Pourtant, les médias, les critiques et les réseaux sociaux continuent d’utiliser la mise en scène de la souffrance comme l’unique critère de qualité d’un récit sur l’esclavage… Ma génération de millenials persiste dans cette idée que l’école est l’unique responsable de la méconnaissance de l’histoire de l’esclavage alors que… non ? Nous sommes la première génération ayant eu un accès facile aux travaux de vulgarisation des historien.ne.s. Nous sommes la première génération ayant une base d’oeuvres audiovisuelles françaises à analyser. Qu’on ne soit pas prêt psychologiquement à approfondir ses connaissances sur le sujet, c’est tout à fait compréhensible… Mais pourquoi ressentir ce sentiment de honte voire de mépris pour les personnes de l’époque qui se sont battus pour survivre ? Je pense qu’il est important de s’interroger sur notre regard actuel sur cette période quand ce sketch ou des longs-métrages comme Ni Chaîne Ni Maître (2024), Furcy né libre (2026)* sont présentés comme une représentation originale alors qu’il s’agit du recyclage de la vision attendue avec plus ou moins de sensationnalisme. 
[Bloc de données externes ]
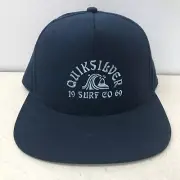 Quiksilver Mens Surf Hat Snapback Baseball Cap quicksilver beach NEW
A l’instar du dernier clip-vidéo de Misié Sadik à la cinématographie irréprochable et aux romans guadeloupéens récents que j’ai lus sur cette thématique (épisode sur le Chant des fromagers, épisode sur Karukera, les légendes de Kaïa), je trouve quand même inquiétant que nous n’arrivions pas à imaginer la mise en place des lignées qui expliquent l’existence du peuple guadeloupéen actuel. Oui, des millions de femmes, d’enfants et d’hommes sont morts à cette époque, mais d’autres ont survécu. Connaissez-vous réellement leurs histoires ?

Comme je l’avais souligné dans le documentaire Aux origines, l’esclavage (écoute l’épisode), c’est à chacun de questionner son regard sur cette période historique. Pourquoi les productions faites par les concernés sont-elles au mieux négligées au pire méprisés ? Pourquoi les Afrofrançais concernés indirectement par le sujet ne questionnent-ils pas leur filtre colonial ? Tant qu’on est incapable de voir les concernés comme des êtres humains dans leur complexité, tant qu’on veut juste les voir comme des corps souffrants, tant qu’on a du mal à concevoir que ces êtres humains ont gardé une autonomie de penser malgré le statut d’esclave, quelle est l’utilité d’avoir une connaissance encyclopédique ?  
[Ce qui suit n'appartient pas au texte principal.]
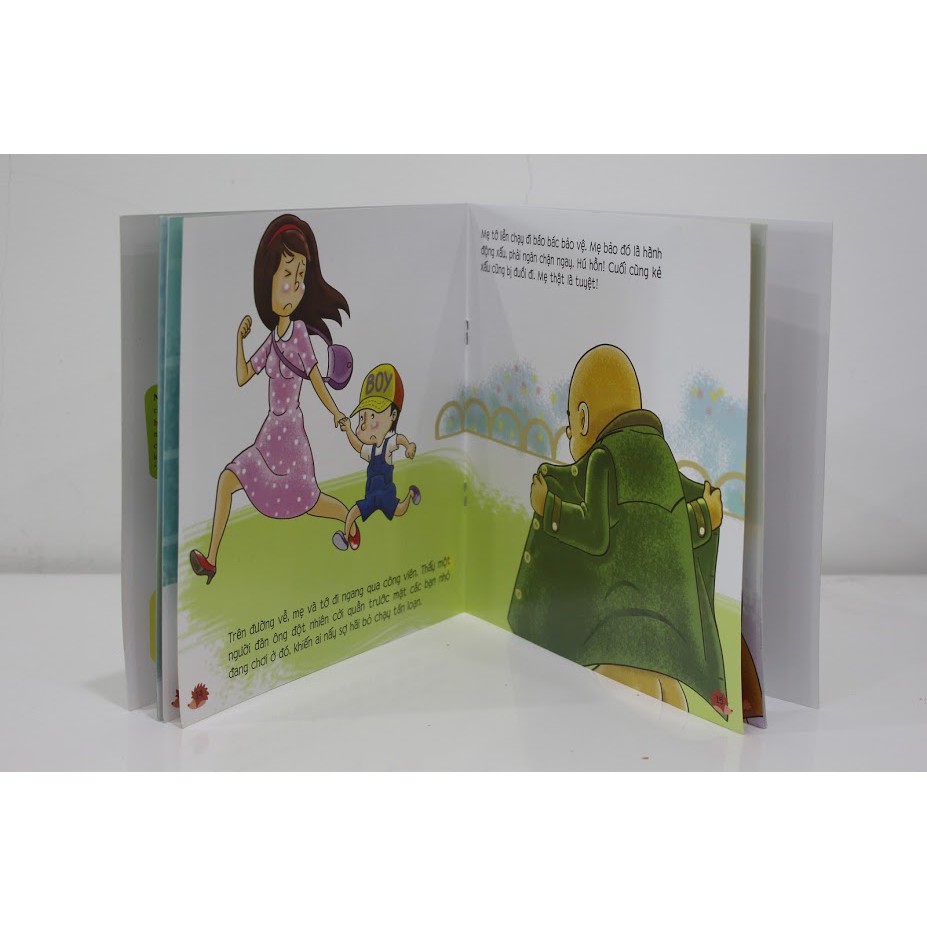 Sách - Tự bảo vệ mình: Đừng lạm dụng cháu (Tái bản)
Oui, il y a des histoires à raconter sur les libres de couleur, sur les affranchis avant 1848 et sur les sociétés post-1848 qui ont une bonne situation financière sans nécessairement les présenter comme des traitres “à la cause”. Il y a aussi les vagues d’immigration asiatiques à raconter… “Antillais” n’est pas synonyme de Noir. En 2025, il est plus que le temps que tout le monde intègre cette réalité. 

Après les travaux de Jean-Pierre Sainton dans les années 90, les travaux de Myriam Cottias et Frédéric Régent dans les années 2000, les travaux de Silyane Larcher, Jessica Pierre-Louis ou encore Julie Duprat nous accompagnent aussi depuis les années 2010 pour enrichir le récit français sur l’esclavage, comprendre la société de l’époque et notre société contemporaine. Peut-être que dans une dizaine d’années, il ne s’agira plus juste de représenter les tortures dans les habitations, mais bien comment construire des communautés culturelles dans le système (post)esclavagiste.


*Je n’ai pas encore vu Furcy né libre mais les interviews d’Abd El Malik et les photos disponibles à ce jour ne me donnent pas l’impression que ce sera un récit original. Cela n’empêche pas que cela peut être un beau récit.

N.B: il y a plein d’autres historien.ne.s qui travaillent sur le sujet. Je vous ai donné le nom de ceux qui me paraissent des incontournables quand on ne sait pas par où commencer et qu’on préfère les contenus numériques parce que les contenus papier peuvent être intimidants.